# Spirit vs Energy

1. Apr 5, 2004

### Iacchus32

From the Dionysus Forums' thread, Spirit vs Energy ...

So what is spirit versus energy, if in fact they're not one and the same? Could it be that spirit is a more subtle form of energy or, does it transcend the realm of energy entirely? It would seem to me that if energy was not immaterial and spirit was, then this is the only option we have available. However, if we understand that spirit does exist, then there must be a means by which it can interact with energy and everything else.

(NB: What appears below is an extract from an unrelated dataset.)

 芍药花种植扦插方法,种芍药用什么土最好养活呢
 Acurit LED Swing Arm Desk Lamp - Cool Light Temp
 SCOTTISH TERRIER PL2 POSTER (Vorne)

In which case I would be inclined to say it was a more subtle form of energy.

Last edited: Apr 5, 2004
2. Apr 5, 2004

### Royce

My understanding is that there is spiritual energy as well as physical or material energy. Consciousness as in the Universal Conscious is the interactive interface between the two.

3. Apr 5, 2004

Staff Emeritus
The problem with this is that energy has a well defined meaning in physics and satisfies well established laws like $$e^2 = p^2c^2 + m^2c^4$$. But "spiritual energy" is just a vague manner of speaking and has no empirical content at all that I can see. So it's really poor form to use the same term in both cases. Spiritual talkers should use ch'i or some other term that isn't already in use.

4. Apr 5, 2004

### confutatis

The word 'energy' existed way before physics was invented, and the meaning has always been vague. Now those physicists come, borrow a word from the common man's vocabulary, change its meaning into something it was never intended, and then accuse the common man of misusing the word. This doesn't sound right; can somebody explain what I'm missing here?

5. Apr 5, 2004

### Janitor

The ultimate New Age sentence?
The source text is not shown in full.